EU AI Act Articles

Deepening the Understanding of Key Governance Areas in the EU AI Act

Risk Levels in the EU AI Act

The EU AI Act uses a risk-based approach, categorizing AI systems into four risk levels:

1. Minimal Risk: AI applications that fall here can be developed and used with minimal compliance requirements.

2. Limited Risk: AI systems must comply with transparency obligations to inform users when they are interacting with an AI (e.g., chatbots).

3. High Risk: This category includes AI systems used in sectors like financial, healthcare, education, employment, law and enforcement, migration and border control, and transport. These systems must meet stringent requirements in terms of transparency, data governance, and robustness before being deployed.

4. Unacceptable Risk: Certain uses of AI are banned outright due to the severe risks they pose, such as social scoring systems or AI that manipulates human behavior.

High-Risk AI Systems

High-risk AI systems are subject to rigorous compliance obligations under the EU AI Act. These obligations include:

• Technical Documentation (Article 11)

  

  • Article 11 requires that each high-risk AI system is accompanied by comprehensive technical documentation.

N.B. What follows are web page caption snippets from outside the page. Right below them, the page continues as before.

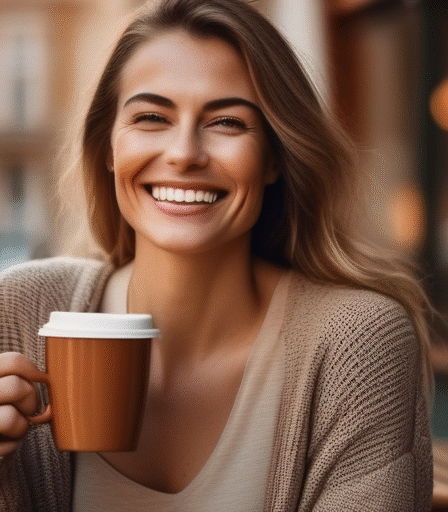Frau lächelt in einem Café – Beispielbild für ein Online-Dating-Profil
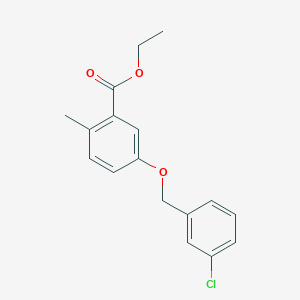 molecular formula C17H17ClO3 B8612997 ethyl 5-[(3-chlorophenyl)methoxy]-2-methylbenzoate 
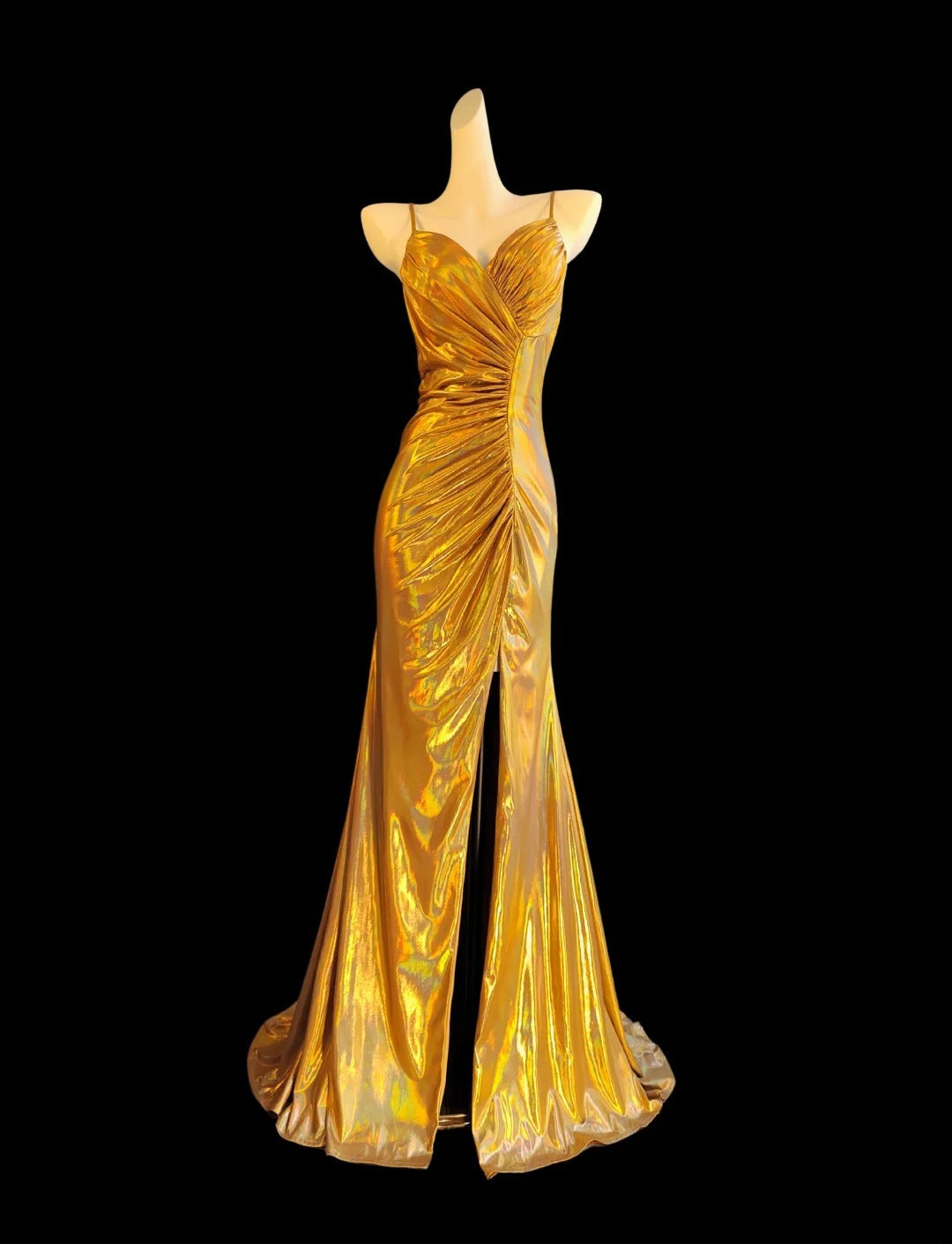 Elegantes Meerjungfrauen-Abendkleid aus orangefarbenem Satin mit Spaghettiträgern, perfekt für Highschool-Teenager, Abschlussball oder andere festliche Anlässe (AS017)
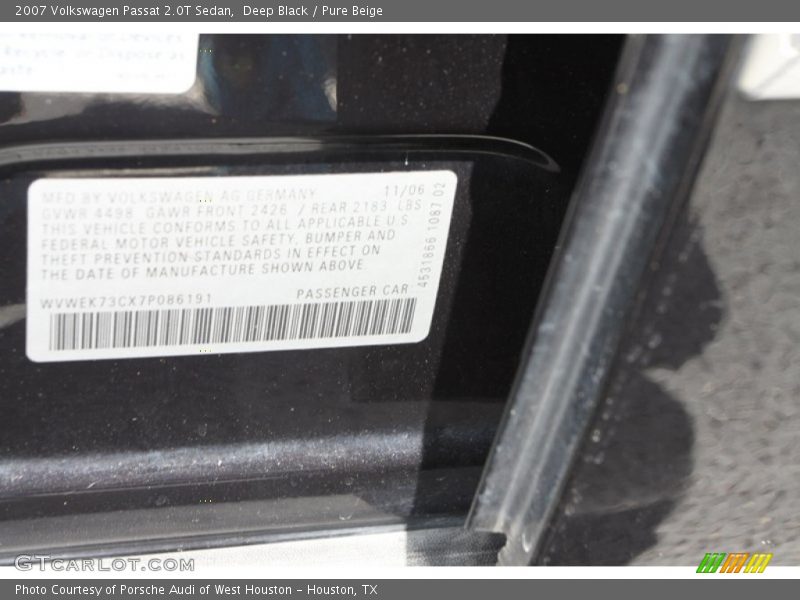 Deep Black / Pure Beige 2007 Volkswagen Passat 2.0T Sedan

This documentation must provide all necessary details about the system's design, development, and deployment, including descriptions of the algorithm, training methodologies, data used, and functionalities. This documentation ensures that AI systems are transparent and can be assessed for compliance with relevant regulations.

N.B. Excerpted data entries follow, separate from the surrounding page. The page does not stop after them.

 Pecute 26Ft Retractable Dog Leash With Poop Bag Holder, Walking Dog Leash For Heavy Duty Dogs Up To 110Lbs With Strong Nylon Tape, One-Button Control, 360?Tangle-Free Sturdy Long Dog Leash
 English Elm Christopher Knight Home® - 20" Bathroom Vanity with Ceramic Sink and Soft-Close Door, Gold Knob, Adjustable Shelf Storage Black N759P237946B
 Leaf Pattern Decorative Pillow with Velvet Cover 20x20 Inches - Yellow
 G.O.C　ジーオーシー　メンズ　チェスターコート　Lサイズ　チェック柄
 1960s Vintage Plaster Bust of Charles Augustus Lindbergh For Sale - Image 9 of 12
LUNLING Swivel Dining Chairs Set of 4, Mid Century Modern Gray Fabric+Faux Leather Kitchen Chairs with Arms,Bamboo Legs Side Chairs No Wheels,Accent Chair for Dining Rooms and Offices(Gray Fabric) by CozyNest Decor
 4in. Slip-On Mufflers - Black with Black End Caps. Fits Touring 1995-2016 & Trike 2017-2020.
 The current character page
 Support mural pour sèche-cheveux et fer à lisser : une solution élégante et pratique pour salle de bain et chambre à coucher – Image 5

• Risk Management (Article 17)

  

  • Article 17 outlines the requirement for AI systems to have a comprehensive risk management system in place. This system must be continuously updated and must assess the risks associated with the use, handling, and outcomes of AI systems. The article emphasizes that the risk management process should be iterative, reflecting changes in the operational environment and new knowledge about potential risks.

• Logging and Monitoring (Articles 21 and 22)

  • Articles 21 and 22 specify the obligations for maintaining logs that are detailed enough to reconstruct AI system activities, especially for high-risk AI systems. These logs are vital for the purpose of traceability of outputs and for accountability in case of adverse effects. The logs must be managed in a way that respects data protection regulations, ensuring that personal data is handled securely and ethically.

• Data Governance (Article 10)

  

  • Article 10 focuses on the quality and control of data used by AI systems. It mandates that data sets used by high-risk AI systems must be relevant, representative, free of errors, and complete. Additionally, the data must be gathered and processed in full compliance with EU data protection laws, ensuring the protection of fundamental rights and freedoms, particularly regarding personal data privacy.

• Cybersecurity and Firewalls (Article 25)

  • Cybersecurity considerations are integrated throughout the EU AI Act. The Act underscores the importance of implementing strong cybersecurity measures to protect AI systems from unauthorized access and attacks. These measures include maintaining data integrity, securing communication channels, and safeguarding against potential breaches that could compromise AI systems.

Additional References

• Transparency and Informing Users (Article 13): This article mandates that operators of high-risk AI systems inform users about the AI system's capabilities and limitations, ensuring that users are aware of how decisions are made by the AI.

• Human Oversight (Article 14): Article 14 addresses the need for adequate human oversight mechanisms to ensure that AI systems do not operate autonomously without human intervention, particularly in critical decision-making processes.

• Accuracy, Robustness, and Security (Article 15): This article requires AI systems to be accurate, robust, and secure throughout their lifecycle, minimizing risks and ensuring resilience against errors and vulnerabilities.

These references highlight the EU AI Act’s comprehensive approach to regulating AI systems, ensuring they operate safely, ethically, and transparently within the EU. Each article plays a critical role in establishing a framework that balances innovation with fundamental rights and safety.